Como a maioria das comunidades indígenas da região, Ñacunday não tem uma clínica de saúde pública onde as pessoas possam ter acesso a outros serviços, como contraceptivos modernos, atendimento odontológico ou exames para diferentes tipos de câncer. Em situações como essa, o trabalho do CEPEP, parceiro do Fòs Feminista, torna-se crucial.
O Paraguai é um dos países com os mais altos níveis de pobreza na América do Sul e tem um dos mais altos níveis de gravidez na adolescência. Mulheres, meninas e pessoas com diversidade de gênero têm acesso limitado a serviços de saúde sexual e reprodutiva, mas o CEPEP vem trabalhando no país há mais de 50 anos, atingindo a população mais vulnerável, primeiro nas principais cidades, Assunção e Ciudad del Este. Depois, em comunidades rurais por meio da UMOSA, “Unidad móvil de salud”. Além de seus serviços em áreas rurais, o CEPEP tem quatro clínicas principais na cidade, onde oferece testes gratuitos de HIV, sífilis e hepatite B. Eles também oferecem muitos outros serviços, como contracepção, consultas pré-natais, exames de câncer de colo de útero e câncer de cólon, nutrição e cuidados com a saúde mental.
A UMOSA é essencialmente uma clínica sobre rodas que leva atendimento gratuito diretamente às pessoas nas áreas rurais. Eles oferecem uma ampla gama de serviços, inclusive contraceptivos de ação prolongada, como injeções e implantes.
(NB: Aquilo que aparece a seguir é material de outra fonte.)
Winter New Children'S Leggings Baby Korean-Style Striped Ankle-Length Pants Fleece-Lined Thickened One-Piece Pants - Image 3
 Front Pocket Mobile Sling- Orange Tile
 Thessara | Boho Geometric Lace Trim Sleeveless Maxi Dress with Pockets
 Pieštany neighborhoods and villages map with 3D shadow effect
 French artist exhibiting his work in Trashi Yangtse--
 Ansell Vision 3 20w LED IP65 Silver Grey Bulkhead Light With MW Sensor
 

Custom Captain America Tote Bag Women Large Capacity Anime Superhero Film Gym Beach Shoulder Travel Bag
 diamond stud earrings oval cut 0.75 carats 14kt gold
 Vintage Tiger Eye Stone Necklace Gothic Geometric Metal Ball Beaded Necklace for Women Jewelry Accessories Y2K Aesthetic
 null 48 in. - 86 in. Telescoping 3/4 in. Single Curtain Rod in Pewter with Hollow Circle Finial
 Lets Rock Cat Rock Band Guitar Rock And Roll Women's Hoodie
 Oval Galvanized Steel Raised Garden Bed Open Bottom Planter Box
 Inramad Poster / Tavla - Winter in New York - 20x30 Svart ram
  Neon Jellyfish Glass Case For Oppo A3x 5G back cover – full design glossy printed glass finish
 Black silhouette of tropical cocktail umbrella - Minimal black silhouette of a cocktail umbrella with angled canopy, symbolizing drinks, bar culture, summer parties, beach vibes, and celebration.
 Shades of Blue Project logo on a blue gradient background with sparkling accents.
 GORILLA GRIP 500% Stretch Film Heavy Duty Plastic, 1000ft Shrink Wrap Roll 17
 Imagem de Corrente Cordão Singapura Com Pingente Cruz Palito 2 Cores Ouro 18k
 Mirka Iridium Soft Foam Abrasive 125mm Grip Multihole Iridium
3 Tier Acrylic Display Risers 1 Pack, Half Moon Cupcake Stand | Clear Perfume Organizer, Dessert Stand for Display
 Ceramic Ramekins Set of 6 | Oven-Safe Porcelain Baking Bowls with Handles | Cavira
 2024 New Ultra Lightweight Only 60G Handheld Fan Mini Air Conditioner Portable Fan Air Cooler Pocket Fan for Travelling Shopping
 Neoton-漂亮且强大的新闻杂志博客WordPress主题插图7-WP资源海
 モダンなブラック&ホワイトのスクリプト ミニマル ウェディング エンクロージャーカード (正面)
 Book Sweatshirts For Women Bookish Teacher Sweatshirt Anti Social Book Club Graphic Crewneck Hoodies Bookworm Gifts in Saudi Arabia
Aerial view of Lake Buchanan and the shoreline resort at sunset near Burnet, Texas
E o mais importante é que seus prestadores de serviços de saúde são bilíngues em espanhol e guarani, o segundo idioma oficial do Paraguai, falado por muitos povos indígenas, inclusive Teresa.
Durante as visitas, a equipe do CEPEP tem aprendido com Teresa sobre a abordagem baseada na comunidade para o parto e, ao mesmo tempo, Teresa tem aprendido sobre técnicas para prevenir infecções, já que, na maioria das vezes, ela é a única pessoa em Ñacunday que pode oferecer cuidados reprodutivos.
Em toda a América Latina, as comunidades indígenas têm menos acesso a serviços de saúde em comparação com a população em geral. Viver em áreas rurais também aumenta a possibilidade de não ter um prestador de serviços de saúde certificado por perto para oferecer serviços básicos, e é por isso que a equipe e os voluntários do CEPEP levam um caminhão e tendas onde oferecem diversos serviços, inclusive educação sexual para adolescentes e jovens.
O CEPEP é uma das organizações beneficiadas pelo Fundo de Impacto do Fòs Feminista, que foi usado para comprar uma propriedade para uma clínica, em vez de alugar um prédio, o que lhes permite personalizar o espaço e torná-lo mais acolhedor para todos. Ter mais recursos permite que o CEPEP ofereça mais serviços nas cidades e também leve o UMOSA a mais comunidades, onde a equipe trabalha ao lado de líderes comunitários como Teresa para oferecer atendimento abrangente a quem precisa.